Since 23 May, more than 300 homeless families have been forcibly evicted from two makeshift camps in the Delmas municipality of Port-au-Prince, continuing what seems to be a wave of forced evictions in the Haitian capital. Hundreds more are facing imminent eviction in the next three months.

On 23 May, the Delmas municipal authorities and officers from the Haitian National Police forcibly evicted families occupying a public square known as “Place Carrefour Aéroport” (Airport Junction Square) at the intersection of Delmas Road and Toussaint Louverture Avenue, in Port-au-Prince. On 25 May, 144 families at camp “Assistance Plus”, on Delmas 3 Road, were also evicted by the municipal authorities with the assistance of police officers. These families were among hundreds of thousands who had been left homeless by the January 2010 earthquake and who had no alternative but to make their own shelters wherever they could.

Until now evictions and threats of evictions have primarily affected internally displaced people (IDPs) occupying private land. However, the Mayor of Delmas has stated that within the next three months he intends to “evacuate” everyone in public places in the Delmas municipality, to help Haiti’s efforts to attract tourism and investment in the country.

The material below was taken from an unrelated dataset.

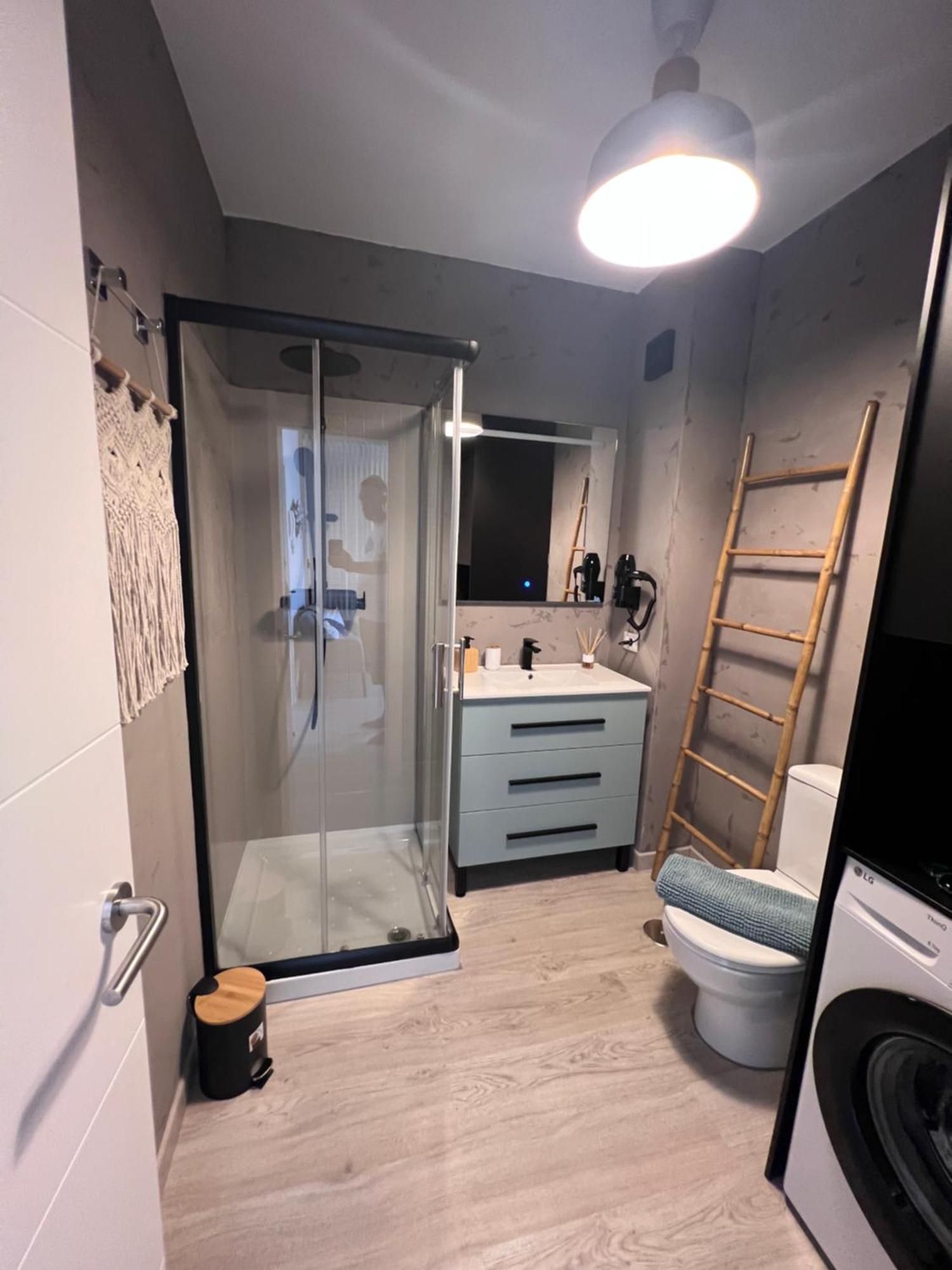 Casa Brisa Marina Apartment Коралео Екстериор снимка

The Mayor of Delmas ordered the eviction of all the families in these camps without prior notification or consultation with those affected. Municipal workers and police officers accompanying the Mayor pulled down and tore the tents and tarpaulins of the families. By the time the authorities arrived, some residents had already left for their daily activities and when they returned they found their frail shelters destroyed. Their personal belongings were seized or destroyed during the operation.

No alternative accommodation or shelter has been offered by the Haitian authorities to those forcibly evicted. According to information available to Amnesty International, no legal proceedings have been initiated by Delmas’ municipal authorities to remove IDPs from public places. The lack of security and inadequate living conditions in makeshift camps cannot be solved by forced evictions.

PLEASE WRITE IMMEDIATELY in French or your own language:

  • Urge authorities to halt any further evictions of people from IDP camps in Delmas and other municipalities in Haiti until such time as adequate alternative accommodation can be provided;

  • Urge the authorities to ensure that no one is being evicted without due process, adequate notice, consultation and ensuring that all of those affected have access to adequate alternative accommodation;

  • Remind them that UN Guiding Principles on Internally Displaced Persons state that such persons have the right to an adequate standard of living, including basic shelter and housing, and protection against arbitrary displacement.



Monsieur Michel Martelly

Palais National

Rue Magny

Port-au-Prince, Haiti

Fax: + 202-745-7215 (via Haiti embassy in the USA)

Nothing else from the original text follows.